*** Opening Dataset extract ***

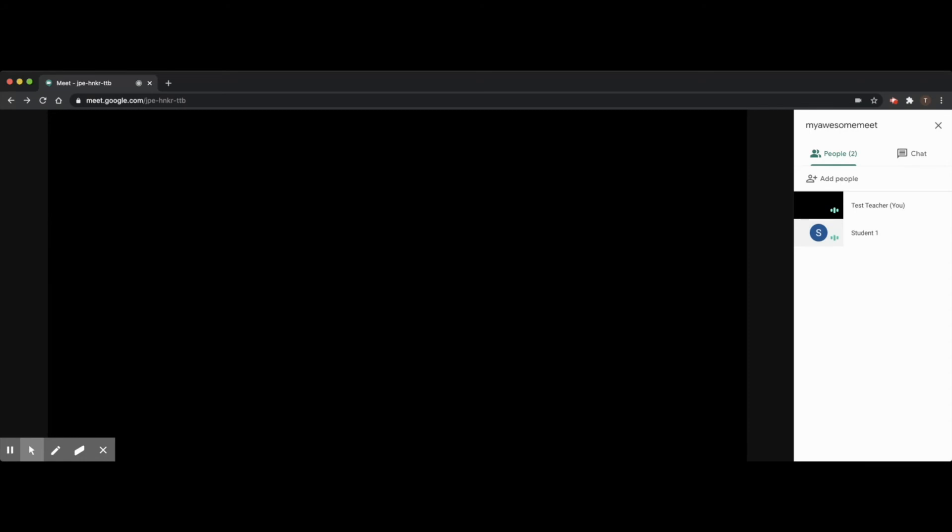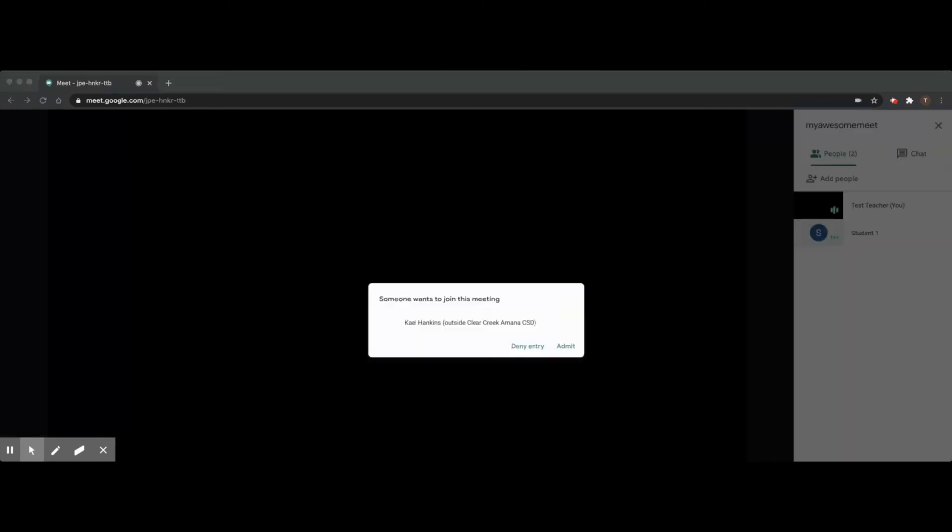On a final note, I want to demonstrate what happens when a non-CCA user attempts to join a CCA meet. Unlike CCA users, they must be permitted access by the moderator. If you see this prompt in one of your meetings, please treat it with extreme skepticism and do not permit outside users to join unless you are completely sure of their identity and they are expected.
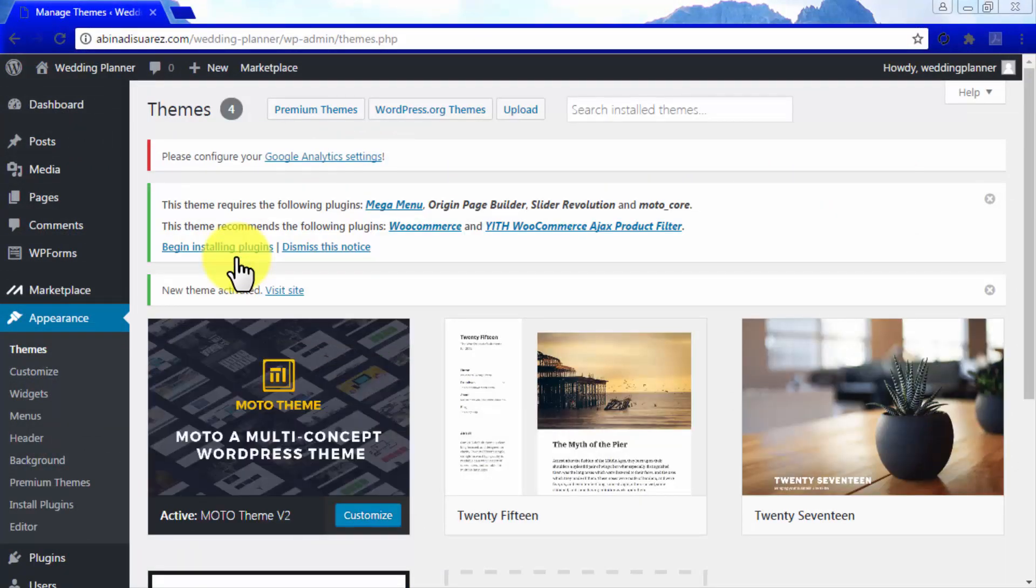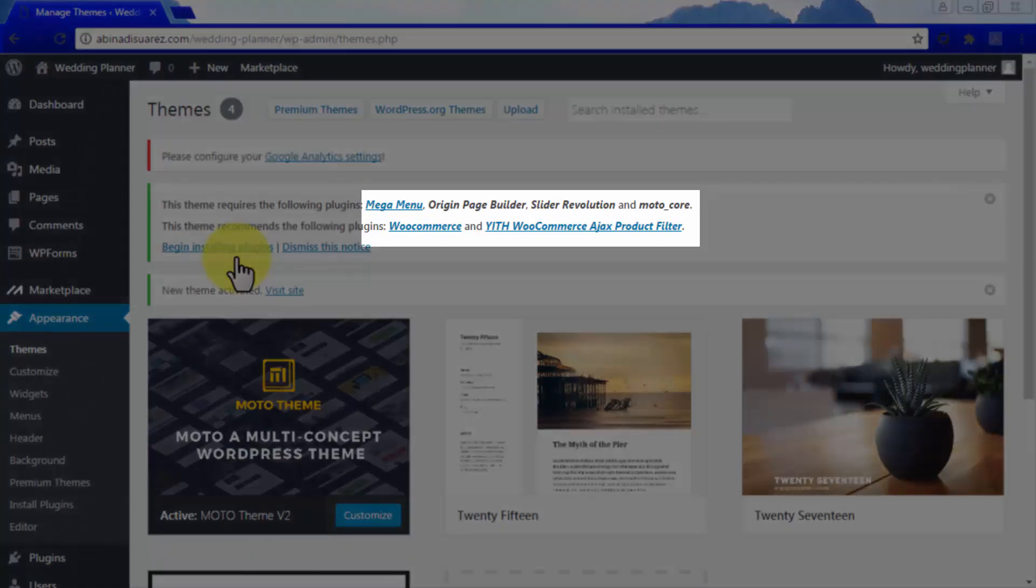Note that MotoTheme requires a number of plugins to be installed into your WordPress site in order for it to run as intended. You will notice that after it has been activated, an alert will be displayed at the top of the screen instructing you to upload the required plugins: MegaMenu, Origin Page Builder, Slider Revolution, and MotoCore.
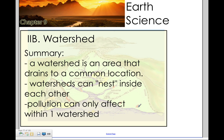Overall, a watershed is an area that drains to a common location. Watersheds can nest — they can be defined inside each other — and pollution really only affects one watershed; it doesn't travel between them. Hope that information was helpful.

*** Closing Dataset extract ***

(Problem to solve):
Repeat the full listing above exactly, with no pictures in the copy.

(Task answer):
On a final note, I want to demonstrate what happens when a non-CCA user attempts to join a CCA meet. Unlike CCA users, they must be permitted access by the moderator. If you see this prompt in one of your meetings, please treat it with extreme skepticism and do not permit outside users to join unless you are completely sure of their identity and they are expected.
Note that MotoTheme requires a number of plugins to be installed into your WordPress site in order for it to run as intended. You will notice that after it has been activated, an alert will be displayed at the top of the screen instructing you to upload the required plugins: MegaMenu, Origin Page Builder, Slider Revolution, and MotoCore.
Overall, a watershed is an area that drains to a common location. Watersheds can nest — they can be defined inside each other — and pollution really only affects one watershed; it doesn't travel between them. Hope that information was helpful.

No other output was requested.